Nursing Knowledge

Amniotomy

Amniotomy is a medical procedure in which the amniotic sac surrounding the fetus is intentionally ruptured by a provider. It is therefore also called “artificial rupture of membranes (AROM).” Typically, this is performed when labor is not starting or progressing as expected and needs to be induced or augmented. Risks that need to be considered include cord prolapse and infection.
Last updated: October 9, 2024

Table of contents

What is amniotomy or the artificial rupture of membranes (AROM)? 

Amniotomy is a procedure where the amniotic sac that surrounds the fetus is intentionally ruptured by a provider. Therefore, amniotomy is also called the “artificial rupture of membranes” or “AROM.” 

This procedure is often performed as part of the labor management process. 

Indications and contraindications for amniotomy

Indications

Amniotomy is indicated in the contexts of induction of augmentation of labor, as well as to facilitate internal monitoring of fetal heart rate and uterine activity.

Contraindications

  • Fetal malpresentation
  • Unstable fetal lie
  • Vasa previa
  • Velamentous cord insertion 
  • Fetal head not being engaged in the pelvis 

Risks that come with the artificial rupture of membranes 

Cord prolapse and infection are the biggest risks that come with artificially rupturing the amniotic sac. 

When the amniotic sac is ruptured, the buoyancy within it is removed and the fetus descends. If the umbilical cord is floating below a disengaged fetal head when this occurs, cord compression will result in fetal hypoxia and necessitate emergent cesarean delivery.

Breaking the protective barrier around the fetus increases the risk of chorioamnionitis, particularly if AROM is performed early in labor.

Amniotomy procedure: steps and nursing interventions

Nursing care before an amniotomy

Before an amniotomy is performed, ensure the client has consented and received an explanation of the procedure. The client and their family should have all their questions answered. 

Assess and document the client’s vital signs and the fetal heart tones, as well as the fetal station.
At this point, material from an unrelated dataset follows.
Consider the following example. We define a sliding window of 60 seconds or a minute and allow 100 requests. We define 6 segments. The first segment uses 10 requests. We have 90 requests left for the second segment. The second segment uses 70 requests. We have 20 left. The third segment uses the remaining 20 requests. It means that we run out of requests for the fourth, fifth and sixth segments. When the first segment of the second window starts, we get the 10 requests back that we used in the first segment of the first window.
Gather the supplies: 

  • Sterile gloves, sterile gauze and swabs, antiseptic solution, sterile drapes, underpads for the bed 
  • Amniotic hook
  • Fetal heart rate monitor
  • Documentation supplies and emergency supplies including oxytocin in case contractions need to be strengthened 

An amniotomy hook, amniotic hook, or “amnihook” is the instrument used to rupture the membranes. It is a long plastic device with a small hook at the end. 

Procedure steps 

The procedure is done by a provider with the assistance of a nurse. The procedure steps after preparation are as follows: 

  1. Inserting a speculum into the vagina to visualize the cervix; then inserting the amniotic hook through the cervix to reach the amniotic sac
  2. Using the hook to carefully tear the membrane 
  3. Assessing the amniotic fluid flowing out (e.g. for meconium staining or infection) 

During the procedure, important nursing tasks include assisting the client into the correct position, assisting the provider with supplies, and reassuring the client. 

Post-procedure tasks

  • Fetal heart tones should be assessed immediately following amniotomy. 
  • Also assess the color and odor of the amniotic fluid. 
  • Assist the client with a dry gown and linens as needed. 
  • The contractions following the amniotomy may be intense, so make sure to offer emotional support and reassurance to the client during the subsequent labor process. 

Client questions and education

After the water breaks, how long can the baby survive? 

Reassure your client that the baby is being closely monitored and labor is expected to progress after the membranes are artificially ruptured. How long the baby is safe in the uterus after the membranes have ruptured depends on many factors. 

What happens if the water breaks too early? 

A premature rupture of membranes (before the onset of labor) is recognized by painless discharge of clear or yellowish fluid, either as a large gush or as intermittent trickles. Management depends on how far the pregnancy has progressed: After 34 weeks, labor will be induced. If earlier, measures will be taken to prolong the pregnancy as much as possible to give the fetus the maximum possible time to mature. 

If the water breaks and the time until the onset of labor extends beyond 18 or 24 hours, the condition is called prolonged rupture of membranes. This increases the infection risk, so labor will likely be induced and measures against infection will be taken. 

What does it look like when your water breaks? 

The water can be discharged from the vagina in a sudden gush, or in a slower intermittent trickle (sometimes mistaken by clients for urine). Typically happening during labor, it may occur before labor starts (premature rupture of membranes). 

The fluid should be clear or slightly yellowish with a mild odor; colors like green, brown, and foul odors can indicate problems like infections or meconium staining.